* [PROBLEM STATEMENT]
Below are records with pictures in them. Output exactly the lines from the one with "7128 Lombardy Street, Boynton" through the one with "Compactor Tropic Vacuum Storage Tote – XXL", both included, and leave every picture out; give only those lines.

* [DATA SHOWN]

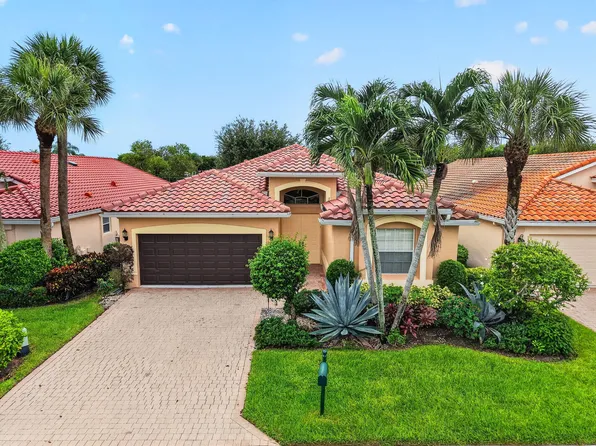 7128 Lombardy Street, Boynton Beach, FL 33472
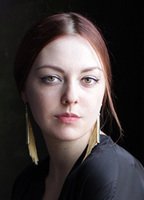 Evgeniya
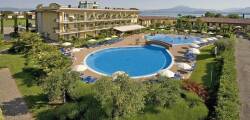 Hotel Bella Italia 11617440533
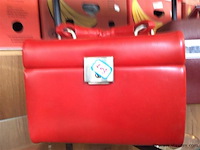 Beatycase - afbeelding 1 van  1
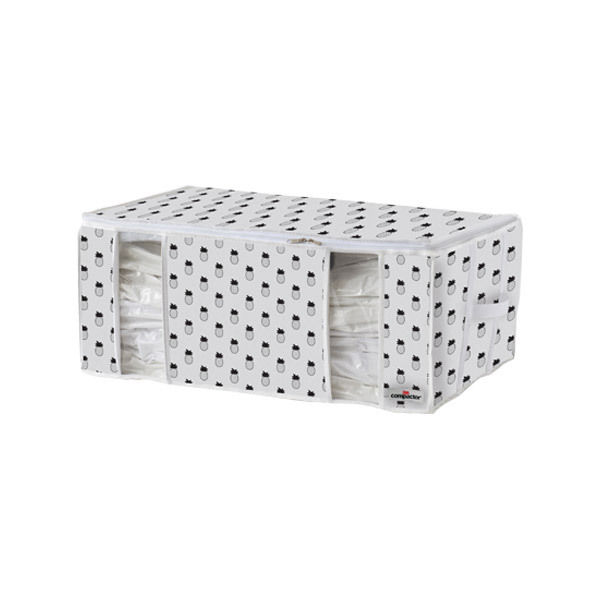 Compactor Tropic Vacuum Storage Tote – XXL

==

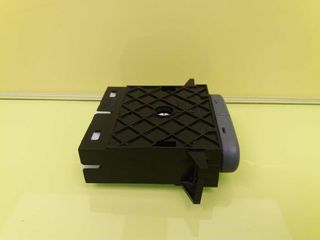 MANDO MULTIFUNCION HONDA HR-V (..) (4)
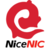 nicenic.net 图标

...

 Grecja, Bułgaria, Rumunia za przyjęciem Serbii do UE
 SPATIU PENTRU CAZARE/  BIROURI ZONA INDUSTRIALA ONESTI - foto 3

* [SOLUTION TO THE PROBLEM]
 7128 Lombardy Street, Boynton Beach, FL 33472
 Evgeniya
 Hotel Bella Italia 11617440533
 Beatycase - afbeelding 1 van  1
 Compactor Tropic Vacuum Storage Tote – XXL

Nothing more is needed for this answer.